The foreign minister says his country is friendly to Jews. But his country seeks the elimination of the country in which nearly half the world’s Jews live.

The Atlantic
By Jeffrey Goldberg
March 9 2015

The Iranian foreign minister, Mohammad Javad Zarif, wants Jews to know that he, and the country he represents, are their friends. In an interview with Ann Curry, he accused the Israeli prime minister, Benjamin Netanyahu, of intentionally misreading Jewish scripture in order to make the case that Iran is malevolently predisposed toward Jews: “If you read the Book of Esther, you will see that it was the Iranian king who saved the Jews,” Zarif said. “If you read the Old Testament, you will see that it was an Iranian king who saved the Jews from Babylon. Esther has a town in Iran where our Jewish population, which is the largest in the Middle East, visits on a regular basis.”

It is true that, at different times, and in different ways, Persia has been a friend of the Jews. Cyrus the Great (the Iranian king mentioned by Zarif in the interview) restored the Jews to their homeland in the Land of Israel after their Babylonian exile. President Harry Truman, who recognized the state of Israel in 1948, 11 minutes after it was reborn, later proclaimed proudly, “I am Cyrus.”

There is dark humor (or a lack of self-awareness) in Zarif’s citation of Cyrus as proof of Iranian philo-Semitism, because today’s Iranian leadership does not recognize Jewish sovereignty in Israel, as Cyrus once did, but instead seeks the annihilation of the Jewish state.

I am in favor of a negotiated agreement that will keep Iran at least a year away from a nuclear weapon in part because, in the post-Holocaust era, it is crucially important to keep such weapons out of the hands of those who promise to do Jews real harm. As I’ve written, it is not likely that Iran would launch a preemptive nuclear attack on Israel, but it would almost certainly redouble, under the protection of a nuclear umbrella, its work toward Israel’s eradication, with disastrous consequences. (We’ll have the argument over whether the agreement now taking shape is the best possible deal in another post.

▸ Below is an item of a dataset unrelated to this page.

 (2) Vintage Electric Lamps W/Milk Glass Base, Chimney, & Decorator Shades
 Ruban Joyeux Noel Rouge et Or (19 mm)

Suffice it to say that the parameters of the current, still-unfinished deal are cause for some worry.)

Netanyahu’s deployment of the Holocaust to make his case against Iran (and against the current deal) is controversial. There are many aspects of Netanyahu’s approach I find disagreeable and counterproductive (most, actually), but an Israeli prime minister who does not recognize that extinction-level threats directed at Jews have sometimes been more than aspirational is not fulfilling his responsibilities.

(For a recent example of an argument about the putative dangers of casting the Holocaust in political, cautionary terms, please see this post from my colleague James Fallows, who quotes an unnamed history professor at at a university in the Southwest arguing, in essence, that the Holocaust was so terrible and enormous that we should resist the urge to learn from it: “The constant reiteration of this particular event achieves little more than dumbing down the discourse: it’s the historical equivalent of hollering.” The professor goes on to write, “To paraphrase Levi-Strauss, the Holocaust is not particularly good to think with. Its extremity serves as a bludgeon.” This argument is unwise and unfair; just imagine the same argument in a specifically American historical context: Slavery was so terrible, and so extreme, that we shouldn’t talk about it in the context of politics, because someone is bound to use it as a bludgeon. An absurd argument, of course.)

I think it is possible to strike an appropriate balance in this debate, somewhere between, “The Jews should stop talking about the Holocaust so much,” which is the subtext of this professor’s complaint, and “The Nazis are coming” line of argument used periodically by Netanyahu and his allies.